▸ What you will do: Without any pictures, print the lines below from the one that has "Creative abstract illustration" through the one that has "Paris Beyaz - Turuncu", exactly and nothing else.

▸ Data to use:
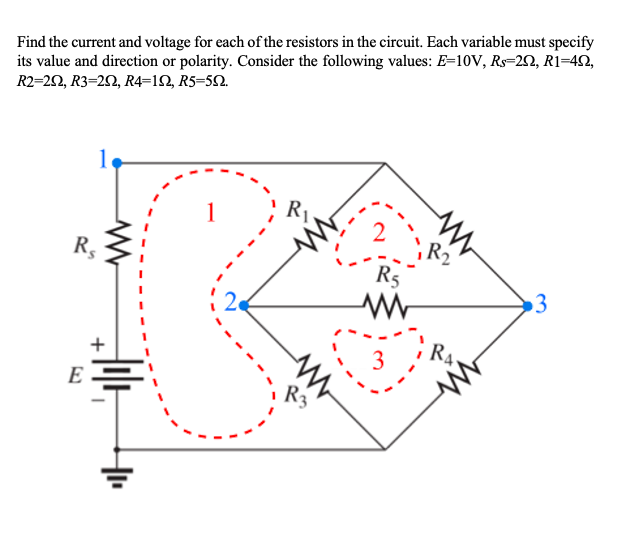 Solved Find the current and voltage for each of the | Chegg.com
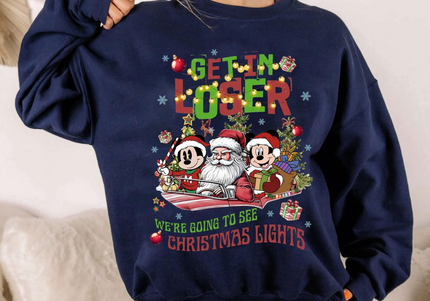 Get In Loser - Christmas Crewneck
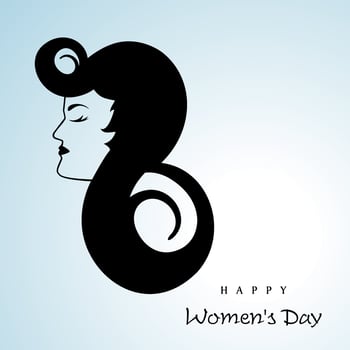 Creative abstract illustration of a Young Girl for Happy International Women's Day Celebration. vector
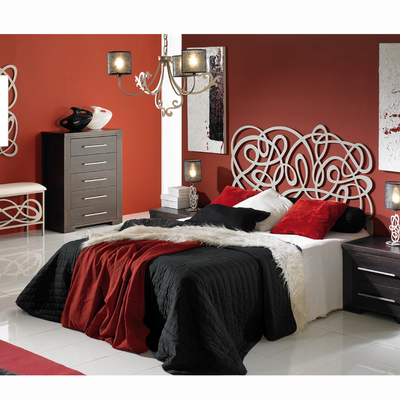 Dormitorio ALGARABIA con cabecero de cama en forja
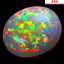 15.33 ct AIG CERTIFIED OVAL CABOCHON (19.82 x 16.31 mm) WELO RAINBOW OPAL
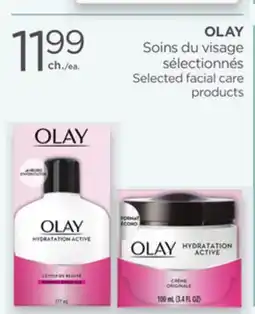Proxim OLAY Selected facial care products offer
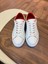 Paris Beyaz - Turuncu Deyatlı Hakiki Deri Erkek Sneakers - Erkek Spor Ayakkabı 2
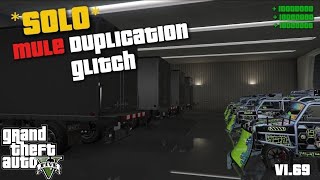 WORKING Easy SOLO GTA 5 Money Glitch Unlimited MULE Duplication Glitch [upl. by Catrina33]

▸ Output for this task:
 Creative abstract illustration of a Young Girl for Happy International Women's Day Celebration. vector
 Dormitorio ALGARABIA con cabecero de cama en forja
 15.33 ct AIG CERTIFIED OVAL CABOCHON (19.82 x 16.31 mm) WELO RAINBOW OPAL
Proxim OLAY Selected facial care products offer
 Paris Beyaz - Turuncu Deyatlı Hakiki Deri Erkek Sneakers - Erkek Spor Ayakkabı 2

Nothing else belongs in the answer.